There are a few things going on here.
In your _layouts/default.html
file (and any of the other _layouts
directory files for that matter), instead of:
{{ page.content }}
you need to use:
{{ content }}
Jekyll only lets you includes files from a site root level _includes
directory. So, you need to move your content.md
from the root to that directory (making it if it doesn't already exist).
Finally, you need to actually make the call to the include file from your index.html file. This can be done by changing the content of your index.html file to:
--- layout: default --- {% include content.md %}
That will setup the behavior you are looking for.

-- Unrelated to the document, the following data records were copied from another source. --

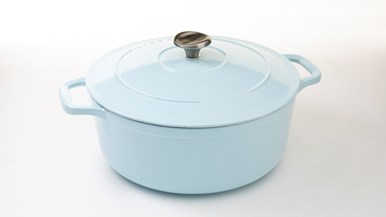 Chasseur Cast Iron Casserole Round French Oven 26cm 5.2L 19541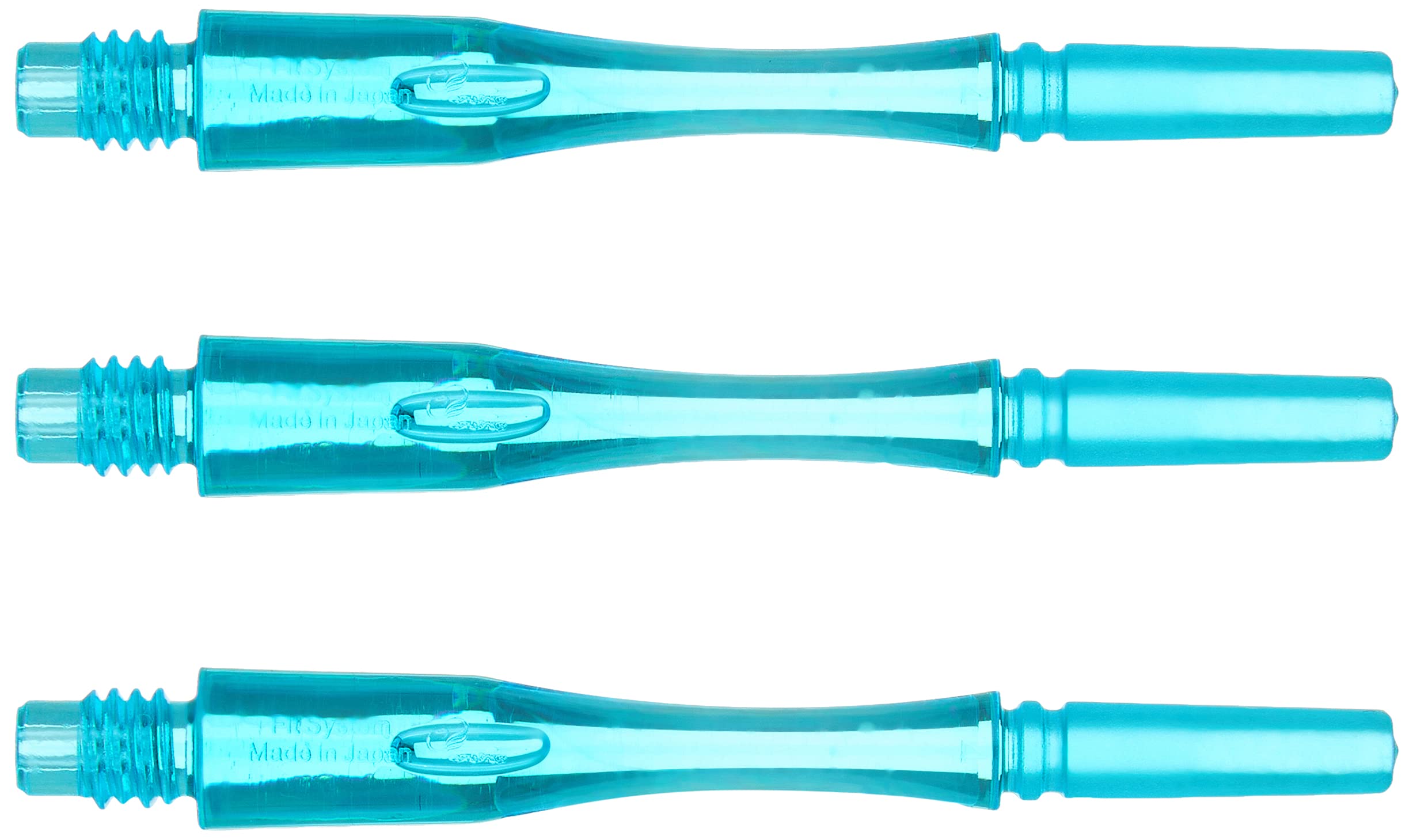 Cosmodarts Fit Shaft Gear Shaft Hybrid Lock Clear Blue 4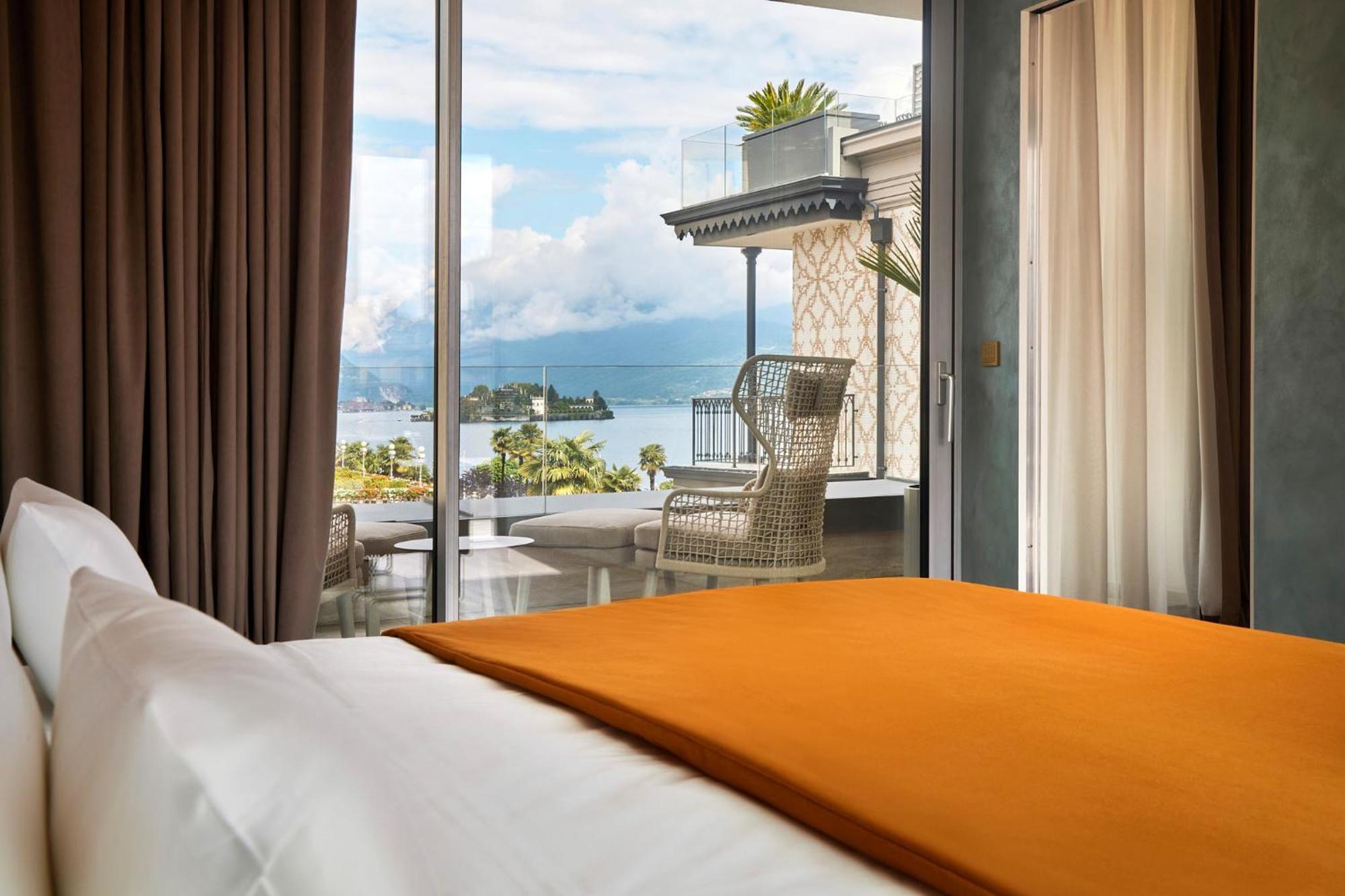 Boutique Hotel Стреза Екстер'єр фото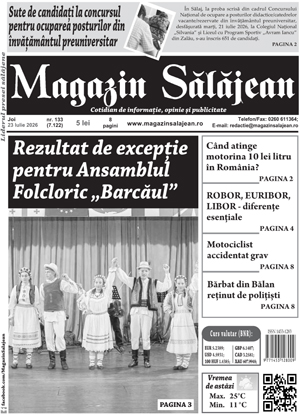 Ediția de azi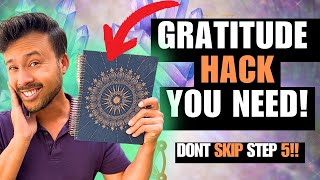 The 5 Step Gratitude Hack That Will Change Everything 5 Is Life Changing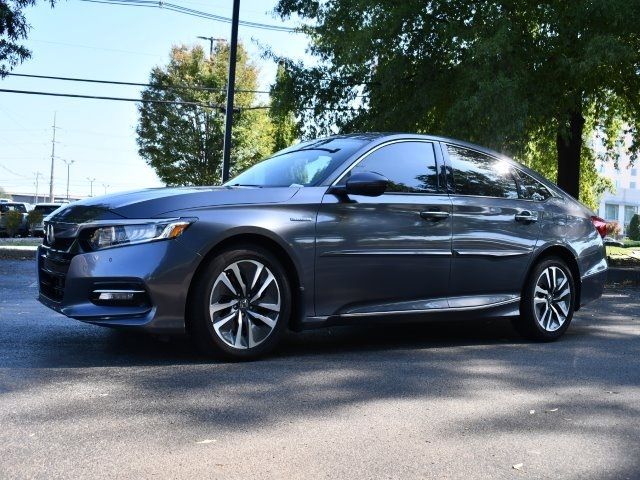 2019 Honda Accord Hybrid Touring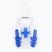 Cressi Aqua Kit Тапи за уши + щипка за нос, синьо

I'd point out two other things:
You may find that changing the extension of your index file from .html
to .md
works better. An important note though: you need to use .html
if you want pagination. Per the Jekyll Pagination documentation, that feature only works when the file is named index.html
.
If all you are doing in your index file is calling an include that only resides on that page, you might be just as well off simply putting the content directly in the index file.
include
only allows you to include files directly under _includes/
. There is is also include_relative which allows you to use paths and include from other places. The include has to be relative to the given file however:
{% include_relative somedir/footer.html %}
There is one issue with either include method I can't resolve: If the file you include has front matter Jekyll won't strip it out. So you can't use front matter to store include specific meta data - like say "title". Of course you can use variables - {% assign title = "My Title" %}
but it's not equivalent, because if you want the thing your including to be part of a collection or rendered independently you have to have a front matter.